Dispatch Broadcast Group
- Type: Subsidiary
- Industry: Broadcast television and radio production
- Founded: 1929
- Defunct: August 8, 2019
- Fate: Acquired by Tegna
- Headquarters: Columbus, Ohio, United States
- Area served: Central Indiana Central Ohio
- Parent: Dispatch Printing Company

= Dispatch Broadcast Group =

American media company

The Dispatch Broadcast Group was a media company based in Columbus, Ohio. The group was a division of the Dispatch Printing Company, former owner of the Columbus Dispatch, and was owned by the Wolfe family since 1929 until its sale to Tegna Inc. in mid-2019.

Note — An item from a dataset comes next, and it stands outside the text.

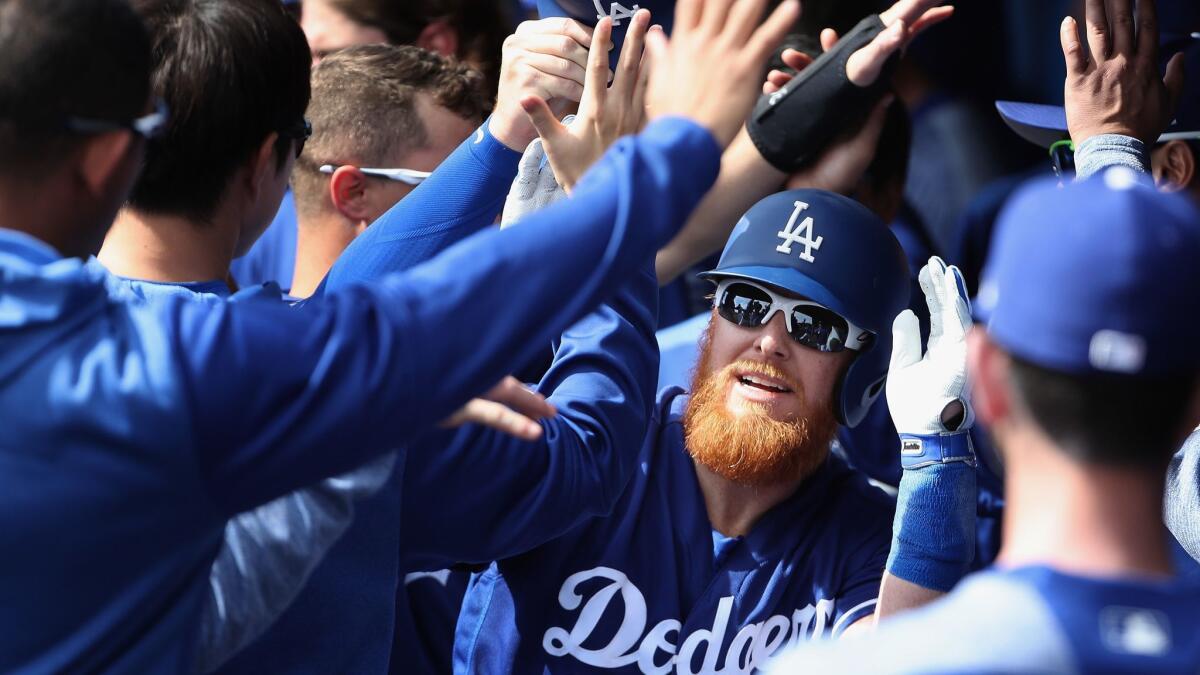 Justin Turner is congratulated by his Dodgers teammates after hitting a two-run home run against the Chicago Cubs during an exhibition game on Feb. 25.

The Dispatch Broadcast Group included the Columbus CBS-affiliate WBNS television, radio stations WBNS (AM) and WBNS-FM in Columbus, the statewide Ohio News Network, and NBC-affiliate WTHR television in Indianapolis (formerly WLW-I) which was purchased in 1975.

On April 24, 2013, former WBNS-TV news director John Cardenas was named president and general manager of the station and vice president of broadcast news for the Dispatch Broadcast Group. On December 7, 2018, Dispatch Broadcast Group president and WTHR general manager Larry Delia commented to the Indianapolis Business Journal that the company may consider buying divested Nexstar Media Group stations as Nexstar readies to buy Tribune Media.

On June 11, 2019, it was reported the Dispatch Broadcast Group had sold its television and radio assets to Tegna Inc. for the sale price of $535 million. The sale was completed on August 8.